Social awareness involves helping children and teens learn how to interact in various situations, as well as how to show empathy and respect for others. Students live in a diverse world and are likely to encounter new perspectives and different opinions every day.
At school, you can build social awareness by having students:
- work with those who have different interests, backgrounds, etc.
- read texts from a diverse group of authors
- study multiple perspectives on a topic
- participate in class discussions
- show respect by listening to others and valuing their opinions
- modeling how to handle difficult topics or situations
Parents and teachers should never underestimate the power of their own actions. Children and teens are watching to see how the adults in their lives respond to differing opinions, embrace diversity, and show empathy and respect to others. Your response to a trying situation may be a highly teachable moment.

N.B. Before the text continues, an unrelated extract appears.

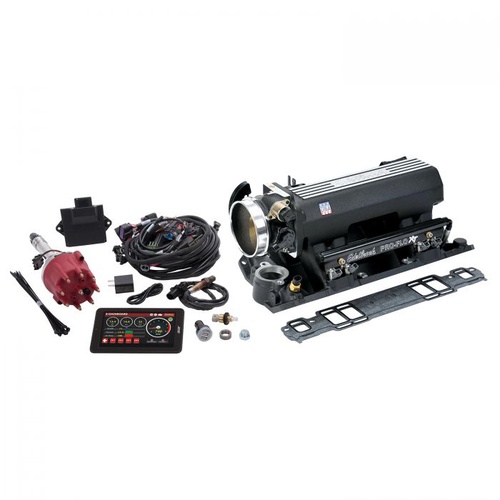 Edelbrock Fuel Injection System, Pro-Flo 4 XT, Self-Learning, Sequential Multi-Port, Black Powdercoated, 550 HP Max, Pre 1986 Small Block C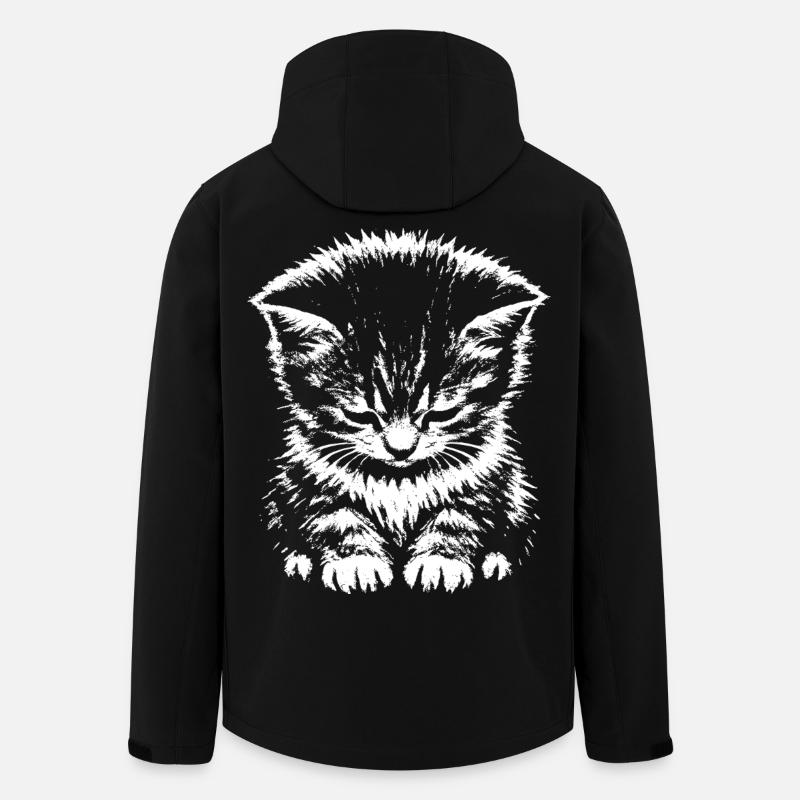 Traurige Katze Meme Geschenk - Recycelte Männer Softshell-Jacke von Stanley/Stella - Schwarz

Some children and teens can just go right up to a stranger and start talking. They have the ability to easily form relationships and interact with people. For others, it takes more effort. However, relationship skills goes beyond just being able to make friends. It’s also involves communicating with and listening to others, resisting peer pressure, negotiating conflict, and learning to ask for help.

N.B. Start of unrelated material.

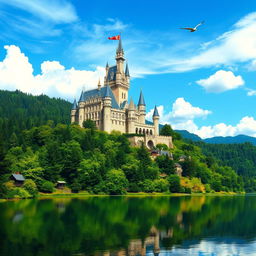 A majestic castle set atop a high hill, surrounded by lush green forests and a vibrant blue sky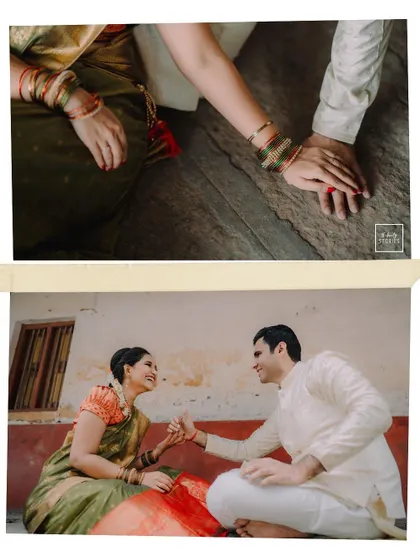A duplicate of the collage, focusing on the simple, meaningful gestures of love exchanged during their heritage wedding.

At home and in the classroom, let children and teens it’s okay to come to you with a problem or to ask for help and respond positively when they do. You may have to remind them a few times or say, “If you want help with that, I’m here to help you.”

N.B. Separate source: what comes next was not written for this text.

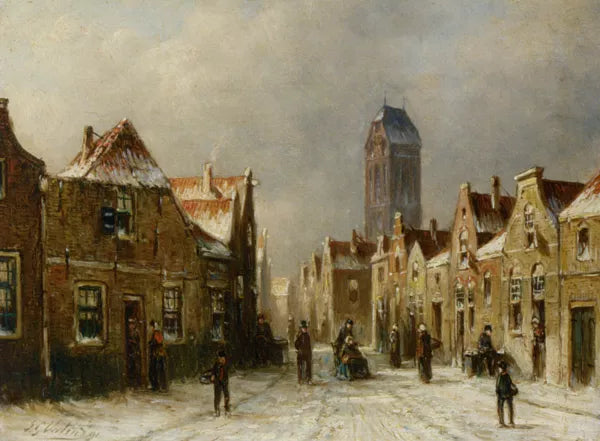 Figures in the Streets of a Snow Covered Dutch Town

Some other ways to build relationship skills include:
- role playing conversations children and teens may have
- refusing to step in when they have a conflict with someone else (unless safety is an issue
- giving them plenty of opportunities to engage in back-and-forth conversation and modeling good listening skills
- holding debates in the classroom
- starting a peer mediation program
- letting children and teens negotiate with you
As parents and teachers, it’s easy to want to make decisions for children and teens. However, to function as adults, they need to learn how to responsibly make decisions. Both at home and in the classroom, you can help promote by responsible decision-making by giving children and teens a chance to make choices. Choices can include:
- rules for the classroom or home
- the type of activity to complete
- what to have for dinner
- what sport or activity to join
Of course, they’re not always going to make the right decision. That’s why another key component of teaching responsible decision-making is providing a safe place for children and teens to fail and learn from their mistakes. If you berate or ridicule them when they make a mistake, they’ll be less likely to take a risk in the future or they’ll become so concerned with perfection that they’ll drive themselves crazy. Instead, respond to mistakes positively and provide support and guidance to help them grow.
Remember, it’s not just students with autism or learning disorders who need to build social and emotional skills. Even straight-A students or seemingly well-adjusted children can benefit from a little more help in this area.